*** Opening of Records provided ***

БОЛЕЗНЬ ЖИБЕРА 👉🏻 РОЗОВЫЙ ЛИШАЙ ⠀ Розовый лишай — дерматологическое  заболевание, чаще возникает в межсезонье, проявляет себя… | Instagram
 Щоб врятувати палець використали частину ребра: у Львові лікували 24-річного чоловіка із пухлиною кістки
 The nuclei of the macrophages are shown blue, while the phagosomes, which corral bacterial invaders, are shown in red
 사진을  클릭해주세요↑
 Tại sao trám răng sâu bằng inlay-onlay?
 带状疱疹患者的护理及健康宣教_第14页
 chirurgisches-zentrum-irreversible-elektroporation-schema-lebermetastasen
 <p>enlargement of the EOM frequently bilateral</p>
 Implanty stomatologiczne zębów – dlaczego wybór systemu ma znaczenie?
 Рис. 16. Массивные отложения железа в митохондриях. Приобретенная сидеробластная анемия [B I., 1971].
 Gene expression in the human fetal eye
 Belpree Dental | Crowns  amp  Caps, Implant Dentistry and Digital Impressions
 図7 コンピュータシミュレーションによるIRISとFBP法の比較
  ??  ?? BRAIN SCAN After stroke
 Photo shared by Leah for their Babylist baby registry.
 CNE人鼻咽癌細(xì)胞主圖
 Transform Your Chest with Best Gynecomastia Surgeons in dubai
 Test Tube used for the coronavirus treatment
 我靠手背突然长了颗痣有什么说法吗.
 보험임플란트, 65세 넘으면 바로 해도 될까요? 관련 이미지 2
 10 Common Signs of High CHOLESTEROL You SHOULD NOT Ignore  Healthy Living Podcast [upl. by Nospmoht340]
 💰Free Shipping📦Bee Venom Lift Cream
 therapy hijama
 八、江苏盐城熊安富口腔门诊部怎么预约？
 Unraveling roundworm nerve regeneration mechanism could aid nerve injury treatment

*** Close of Records provided ***

_Task statement_.
Among the lines above, return those that contain the string "treatment".

_Response area_.
 Test Tube used for the coronavirus treatment
 Unraveling roundworm nerve regeneration mechanism could aid nerve injury treatment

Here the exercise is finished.